Nuestro Dios no es un gerente de una multinacional del ámbito sagrado, repartiendo normas o atendiendo urgencias como un número 112 de emergencia. No, nuestro Dios es otra cosa.
Él es
el Dios que camina con nosotros. Que nos acompaña, sí, pero también que confía
el Evangelio en nuestras frágiles manos. El Reino no se impone mágicamente
desde lo alto: se construye día a día, entrelazando fidelidades, compartiendo
esfuerzos, tejiendo relaciones. Esa es nuestra tarea.
A
pesar de nuestras debilidades, nosotros somos hoy el rostro de Cristo para
quienes nos cruzamos. Cada uno de vosotros es la mirada de Dios para quienes os
encontréis a lo largo del día.
Así
lo ha querido el Señor: un Dios siempre sorprendente, que desconcierta y
renueva.
El tiempo de la Iglesia
La
Ascensión marca el final de la presencia visible de Jesús, el cierre de su
misión de revelarnos el verdadero rostro de Dios como Padre. Ahora comienza el
tiempo de la Iglesia: el tiempo de construir, desde el Evangelio, comunidades
humanas donde reine la ternura y la verdad.
Acojamos
la invitación de los ángeles a los apóstoles: dejemos de mirar al cielo.

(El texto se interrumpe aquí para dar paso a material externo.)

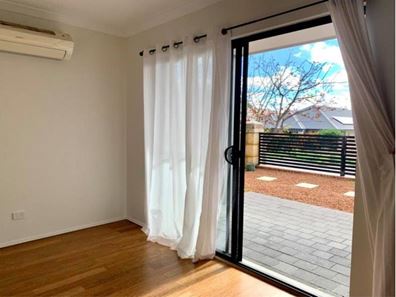 22 Pexton Drive, South Guildford WA 6055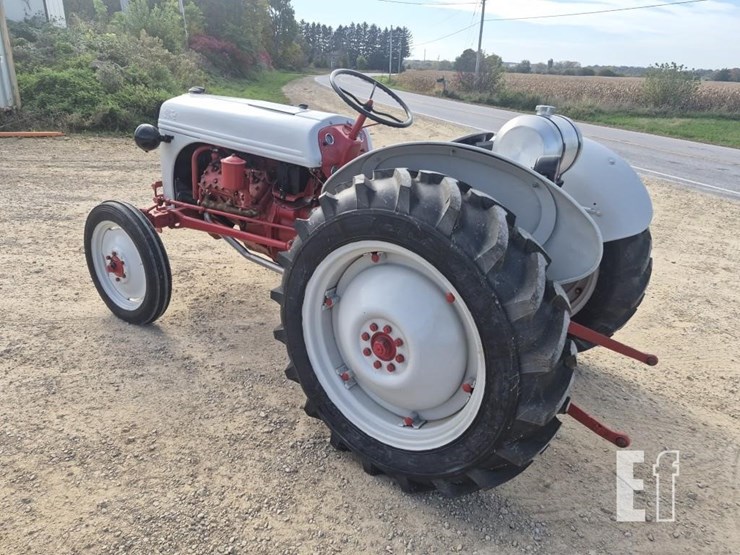 ford-8n-image-2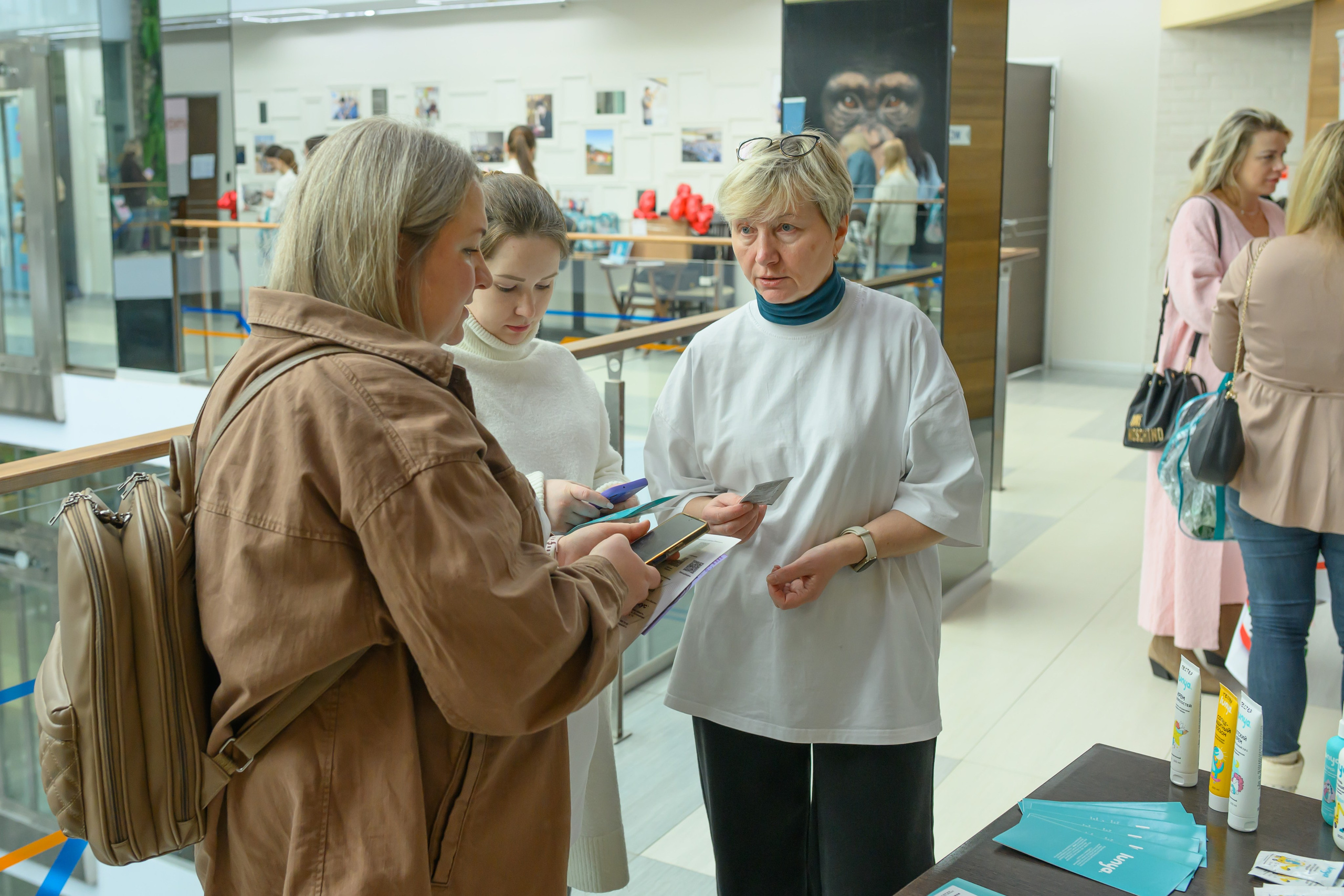 Фотоотчет праздника материнства февраль 2026 г. Профессиональный фотограф Елена Красилина г.Ярославль, г. Рыбинск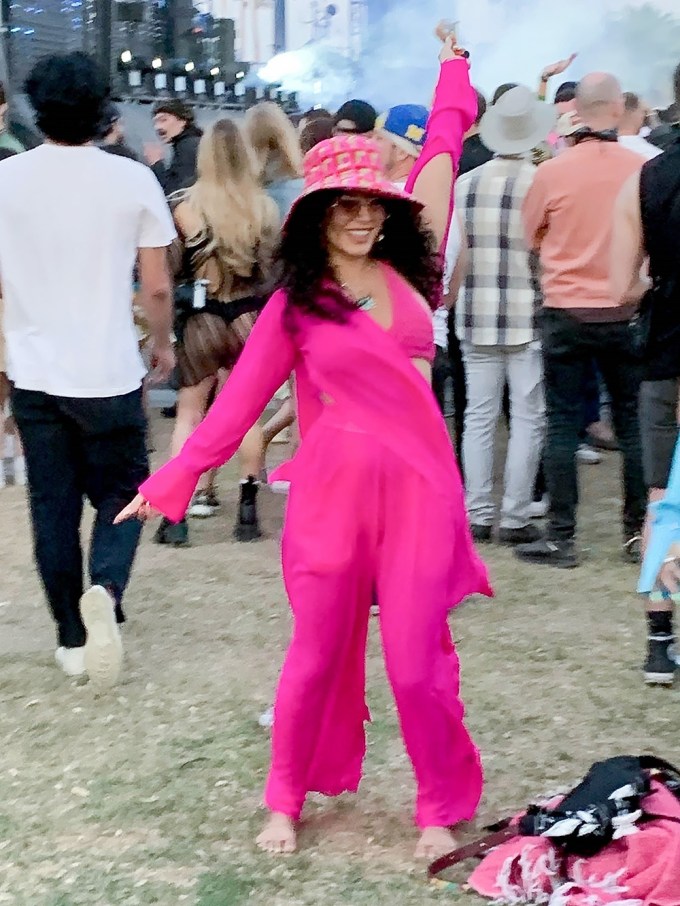 Vanessa Hudgens Is Pretty In Pink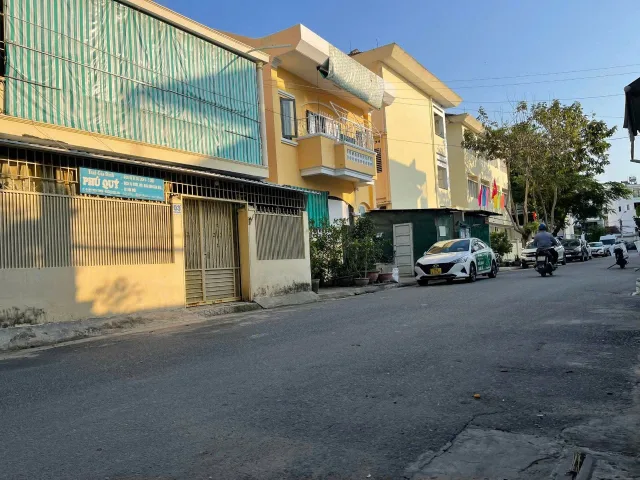 Nhà Cạnh Chợ Đầm vị trí vàng kinh doanh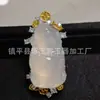Colgante de Buda de Calcedonia Blanco Hielo Incrustado Plateado de Alta Calidad, Colgante Incrustado de Buda Maitreya de Ágata Natural para Mujer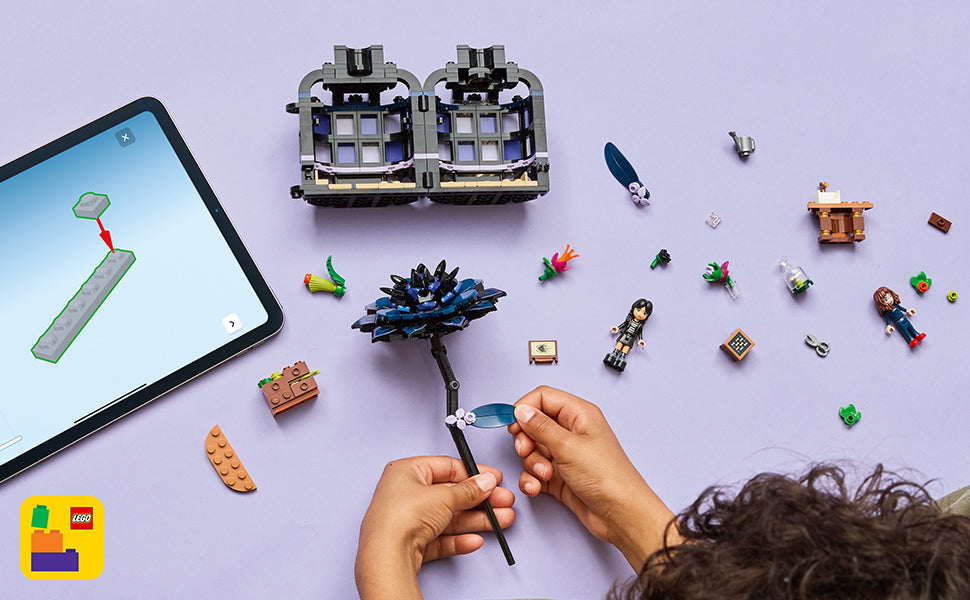 Lego 76784 Black Dahlia Flower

Busquemos más bien la gloria de Dios en lo cotidiano, en lo humilde, en lo
real.
Quedémonos
en la ciudad. No escapemos de la banal rutina de cada día, ni del caos del
presente que nos ha tocado vivir. Porque es ahí —en el hoy, en el desorden del
mundo— donde Jesús ha decidido quedarse.
Busquemos
a Dios en la gloria del templo vivo que es el ser humano. Si Él está en el
rostro dolido y esperanzado del otro, dejemos ya de mirar a las nubes.
El
Señor nos dice que sí es posible construir su Reino aquí y ahora. La Ascensión
no es una despedida, es un nuevo comienzo: el inicio de la Iglesia, el inicio
de una nueva aventura, de la que nosotros somos protagonistas.
Y si
alguna vez la Iglesia institucional nos ha herido, decepcionado o cansado, combatamos
con más fuerza y respondamos con más amor, como lo hicieron los santos: no
rompiendo, sino renovando la Iglesia desde dentro, con una vida santa.
¿Seguiremos
esperando un milagro mirando las estrellas? ¿O nos decidiremos a ver la
presencia de Dios en la vida compartida, en la fe vivida, en los gestos de
acogida, en el anhelo de un mundo más justo? Nos queda tarea.
Subamos
con el Señor en esta Ascensión. Dejemos atrás la fe infantil. El Señor necesita
hoy discípulos adultos: capaces de hacer vibrar el Evangelio en su vida, y de
anunciar la fe con palabras y obras nuevas en un mundo nuevo.